A quick way to check on your server type (if you'd rather not just ask them) is to see how it handles a 404, Page Not Found Error. Go to the address bar of your browser, type in the URL of your website, type a forward slash as if you were going to access a subpage or subdirectory, and then type a bunch of garbage characters. A windows server will return a "The page cannot be found" error page with a link to the root directory of your site in the middle of the page and a link to Microsoft Support at the bottom. A Unix server will give you a smaller "Not Found" error with a bunch of information on the specific Apache version of the hosting server and a link to your root directory at the bottom.

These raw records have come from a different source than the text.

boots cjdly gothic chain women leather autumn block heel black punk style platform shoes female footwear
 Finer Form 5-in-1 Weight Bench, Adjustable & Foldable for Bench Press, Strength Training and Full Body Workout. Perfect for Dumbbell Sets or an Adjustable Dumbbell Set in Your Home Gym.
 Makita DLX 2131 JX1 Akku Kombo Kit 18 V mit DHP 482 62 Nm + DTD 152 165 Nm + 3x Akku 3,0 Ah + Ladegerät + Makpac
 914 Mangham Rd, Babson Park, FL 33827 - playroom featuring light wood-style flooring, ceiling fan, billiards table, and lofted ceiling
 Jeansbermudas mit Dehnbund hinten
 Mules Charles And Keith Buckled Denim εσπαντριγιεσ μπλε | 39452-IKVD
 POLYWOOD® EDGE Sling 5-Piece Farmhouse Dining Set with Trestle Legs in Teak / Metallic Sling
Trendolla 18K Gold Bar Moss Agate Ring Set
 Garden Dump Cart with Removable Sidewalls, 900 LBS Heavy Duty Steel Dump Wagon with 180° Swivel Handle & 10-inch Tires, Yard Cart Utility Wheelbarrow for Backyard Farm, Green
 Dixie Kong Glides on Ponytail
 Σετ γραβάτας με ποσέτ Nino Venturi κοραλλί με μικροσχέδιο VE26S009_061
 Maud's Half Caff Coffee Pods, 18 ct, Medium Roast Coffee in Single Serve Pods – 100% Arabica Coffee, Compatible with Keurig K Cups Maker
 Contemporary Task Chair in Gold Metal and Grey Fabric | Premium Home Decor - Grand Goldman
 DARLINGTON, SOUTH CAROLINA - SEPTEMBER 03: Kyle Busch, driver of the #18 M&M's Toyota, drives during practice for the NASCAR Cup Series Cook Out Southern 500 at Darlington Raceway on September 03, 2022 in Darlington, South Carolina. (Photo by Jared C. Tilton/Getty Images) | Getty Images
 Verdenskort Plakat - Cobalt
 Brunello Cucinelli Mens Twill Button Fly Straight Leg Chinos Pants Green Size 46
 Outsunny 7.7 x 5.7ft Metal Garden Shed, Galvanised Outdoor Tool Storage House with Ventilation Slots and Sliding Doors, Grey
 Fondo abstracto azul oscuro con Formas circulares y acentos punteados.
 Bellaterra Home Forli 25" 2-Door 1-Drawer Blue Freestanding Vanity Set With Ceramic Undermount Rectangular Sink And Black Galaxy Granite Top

By the way--if you're still reading this very long post--I'd recommend using Notepad over MS Word for web editing. You can even download some fairly useful, free web editors from ZDnet. Pretty much anything is better than using Word for web pages.


----------



## overbydt (Jun 20, 2002)

OK, the test.shtml works. And I'm attaching a screenshot of the error page.


----------



## BMoCore (Dec 29, 2005)

overbydt said:


> OK, the test.shtml works. And I'm attaching a screenshot of the error page.


Your test never ran. Error 404 means the file (test.shtml) was not found. The test is only determining pass/fail on the basis of whether you see a date between the X's or not.


----------



## overbydt (Jun 20, 2002)

No the test DID run, I got the date between the Xs. ptvGuy wanted to know what the error page looks like, so I posted a picture of the page.


----------